• **What this task involves**: Your copy should match the entries exactly, except that it holds no pictures.

*** Begin section ***

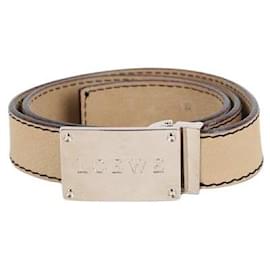 Loewe-cinturón de piel de cuero-Beige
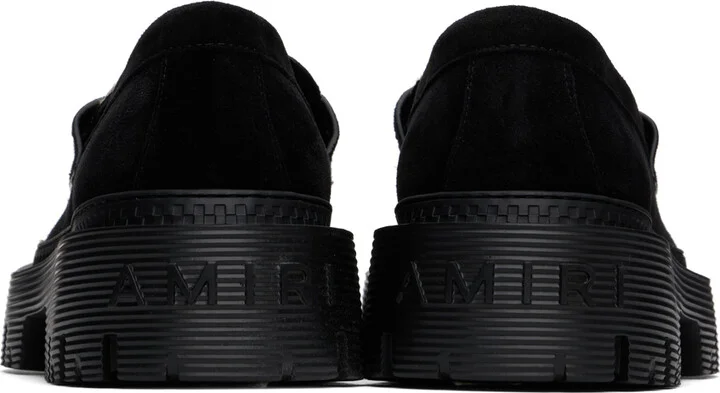 AMIRI Black MA Tassle Leopard Jumbo Loafers - Image 2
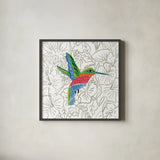 Hummingbird I by Farida Zaman. Shown in a sleek black glass frame for a contemporary gallery look. Available as an archival giclee rolled canvas, fine art paper, or poster print. SKU 89245a.
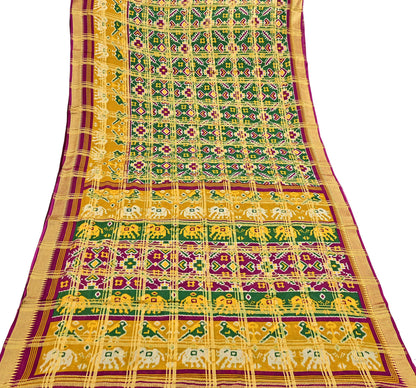 Indian Vintage Sari Saffron & Green Ikat Printed Pure Cotton Sarees Craft Fabric 5Yd Soft Sewing Sarong Wrap Boho Quilting Dress making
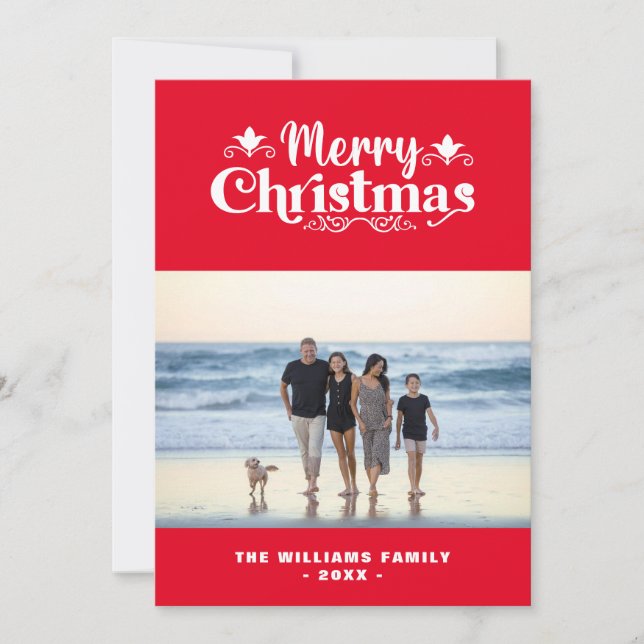 Custom Family Photo Simple Modern Merry Christmas Holiday Card (Front)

*** End section ***

• **Result**:
 Loewe-cinturón de piel de cuero-Beige
 AMIRI Black MA Tassle Leopard Jumbo Loafers - Image 2
 Hummingbird I by Farida Zaman. Shown in a sleek black glass frame for a contemporary gallery look. Available as an archival giclee rolled canvas, fine art paper, or poster print. SKU 89245a.
 Indian Vintage Sari Saffron & Green Ikat Printed Pure Cotton Sarees Craft Fabric 5Yd Soft Sewing Sarong Wrap Boho Quilting Dress making
 Custom Family Photo Simple Modern Merry Christmas Holiday Card (Front)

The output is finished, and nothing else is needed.